··· INFORMATION PROVIDED ···

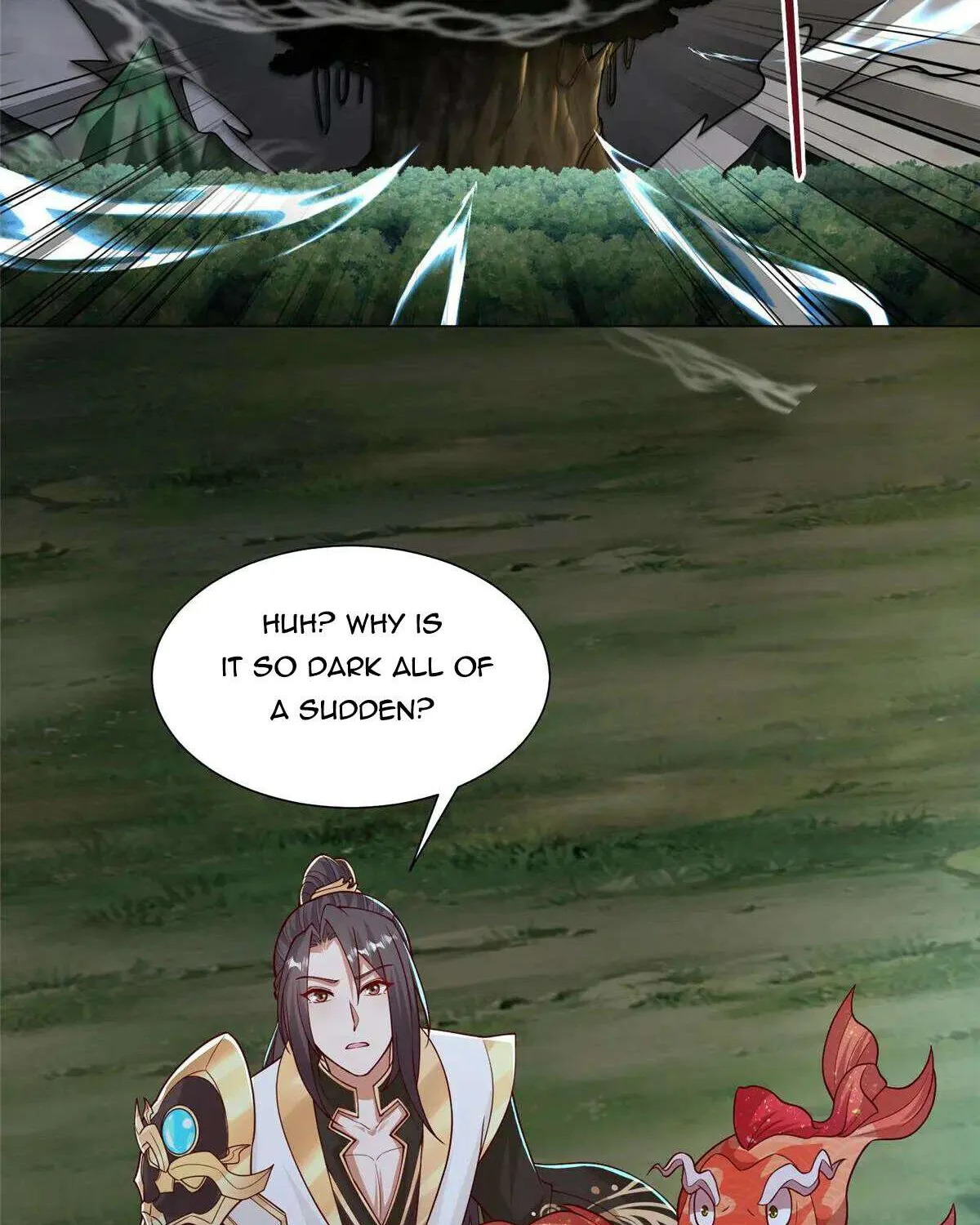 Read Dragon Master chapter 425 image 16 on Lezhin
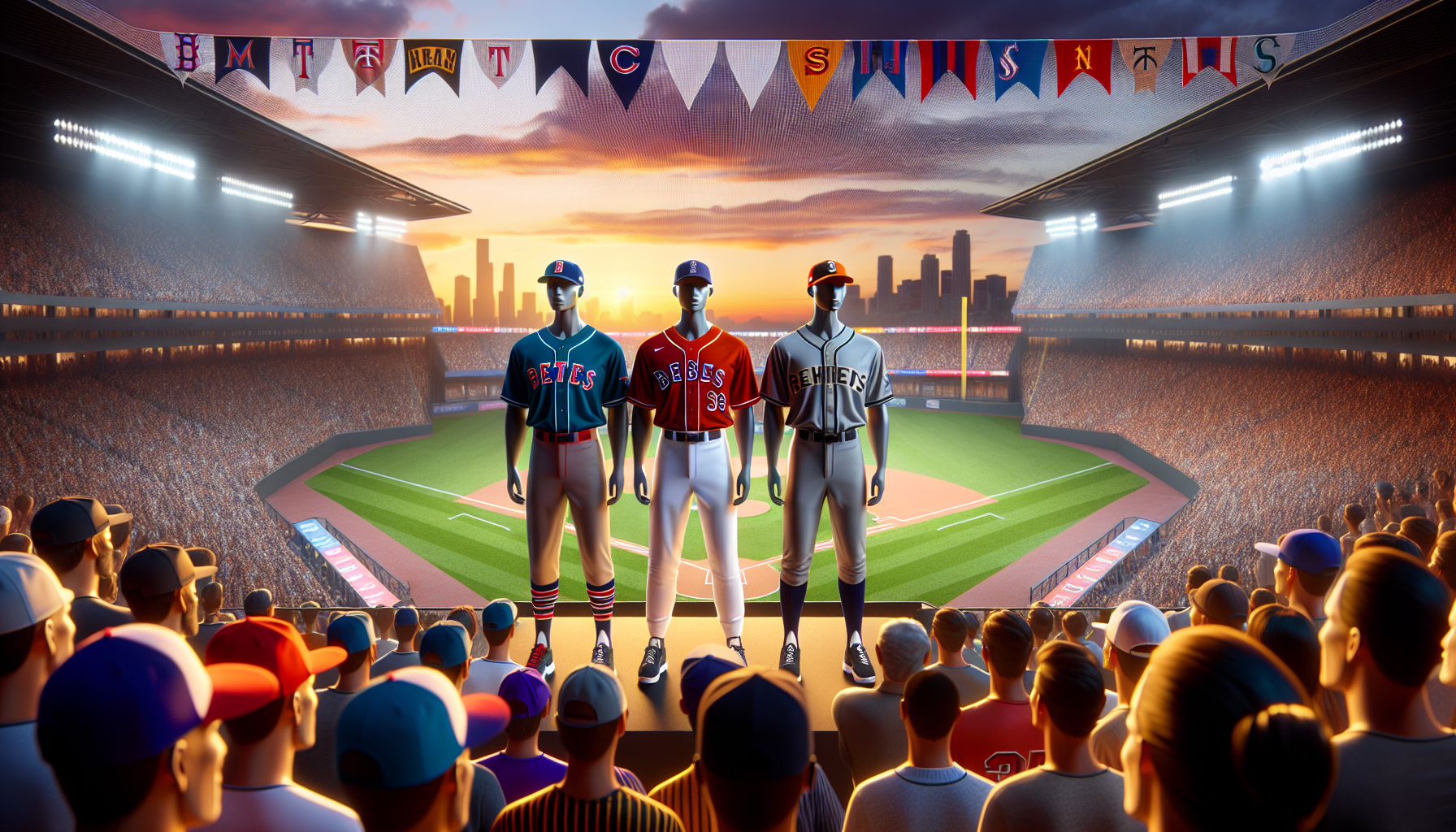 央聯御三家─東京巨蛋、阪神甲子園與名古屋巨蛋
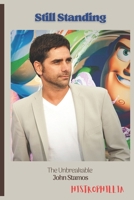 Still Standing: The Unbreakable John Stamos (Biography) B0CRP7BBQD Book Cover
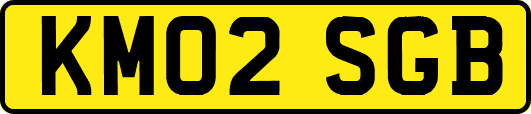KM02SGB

···

• [WHAT TO DO]: Produce an exact copy of the lines from the line containing "央聯御三家─東京巨蛋、阪神甲子園與名古屋巨蛋" to the end of the material, both ends included, and omit every picture.

• [RESULT OF THE EXERCISE]:
 央聯御三家─東京巨蛋、阪神甲子園與名古屋巨蛋
 Still Standing: The Unbreakable John Stamos (Biography) B0CRP7BBQD Book Cover
KM02SGB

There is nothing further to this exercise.